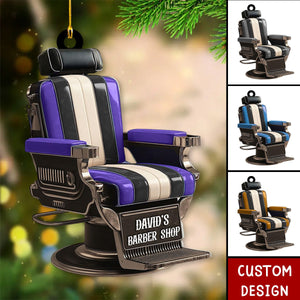 Personalized Barber Shop Chair Christmas Ornament - 2024 New Release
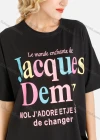 Wholesale Women's Casual Multi-Color Slogan Print Short Sleeve Round Neck Oversized Tee - Liuhuamall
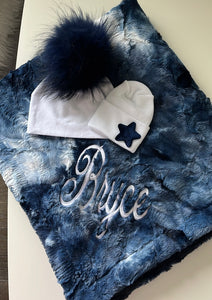 Personalized pom hat & minky set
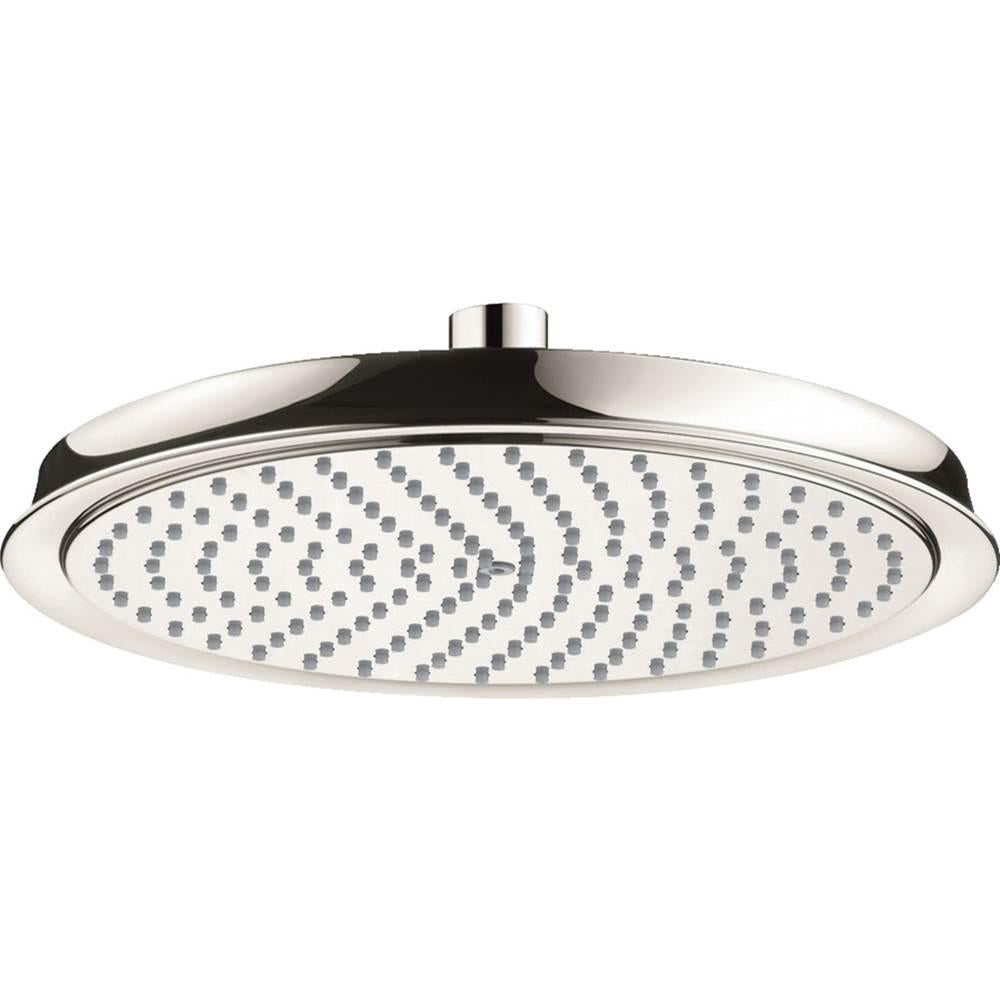 Polished nickel round overhead shower head with multiple spray jets arranged in curved pattern and cylindrical connector.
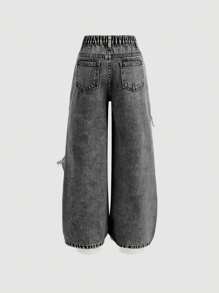 SHEIN Girlism Tween Girl Y2K 夏季浅色水洗镂空破洞宽松直筒牛仔裤，夏季海滩波西米亚风度假休闲狂欢音乐会，破洞宽松牛仔裤，灰色宽松牛仔裤，宽松牛仔裤，Y2k 牛仔裤，水洗宽松牛仔裤，街头风格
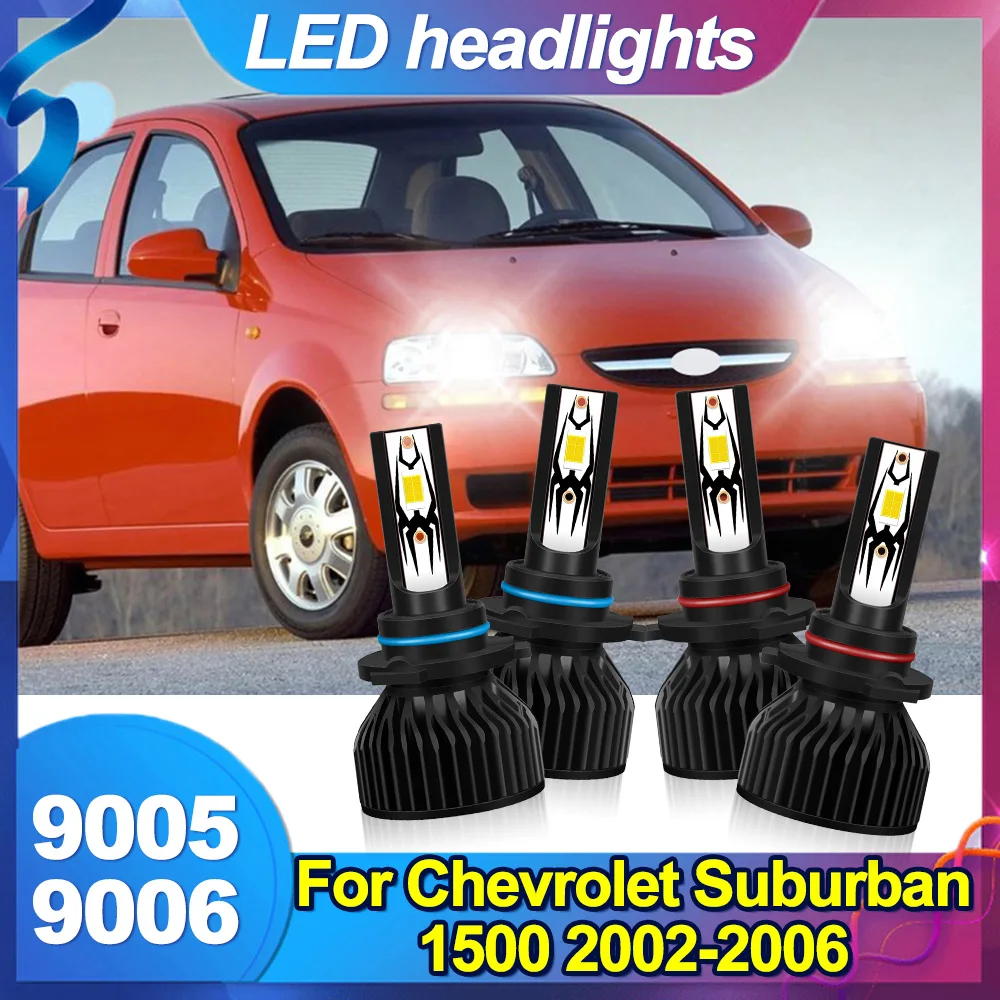 

Для Chevrolet Suburban 1500 2002-2006 9006 9005 комплект светодиодных фар комбинированные лампы 6000 К дальнего ближнего света супер яркий белый 20000LM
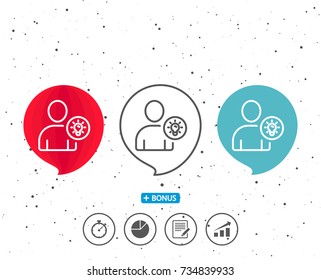 Speech bubbles with symbol. User line icon. Profile with Lamp bulb sign. Person silhouette with idea symbol. Bonus with different classic signs. Random circles background. Vector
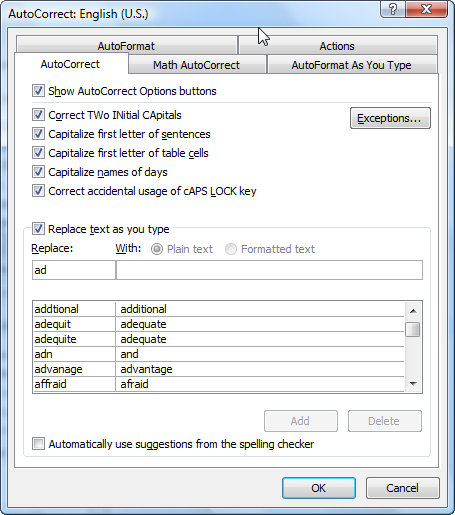 AutoCorrect Options dialog showing correction for 'deqquit to adequate.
■ ■ ■ ■
YOUR ASSIGNMENT: In your copy, include every record word for word but no pictures.

EXERCISE ANSWER:
 Personalized Barber Shop Chair Christmas Ornament - 2024 New Release
 Wholesale Women's Casual Multi-Color Slogan Print Short Sleeve Round Neck Oversized Tee - Liuhuamall
 Personalized pom hat & minky set
 Polished nickel round overhead shower head with multiple spray jets arranged in curved pattern and cylindrical connector.
 SHEIN Girlism Tween Girl Y2K 夏季浅色水洗镂空破洞宽松直筒牛仔裤，夏季海滩波西米亚风度假休闲狂欢音乐会，破洞宽松牛仔裤，灰色宽松牛仔裤，宽松牛仔裤，Y2k 牛仔裤，水洗宽松牛仔裤，街头风格

Для Chevrolet Suburban 1500 2002-2006 9006 9005 комплект светодиодных фар комбинированные лампы 6000 К дальнего ближнего света супер яркий белый 20000LM
 Speech bubbles with symbol. User line icon. Profile with Lamp bulb sign. Person silhouette with idea symbol. Bonus with different classic signs. Random circles background. Vector
 AutoCorrect Options dialog showing correction for 'deqquit to adequate.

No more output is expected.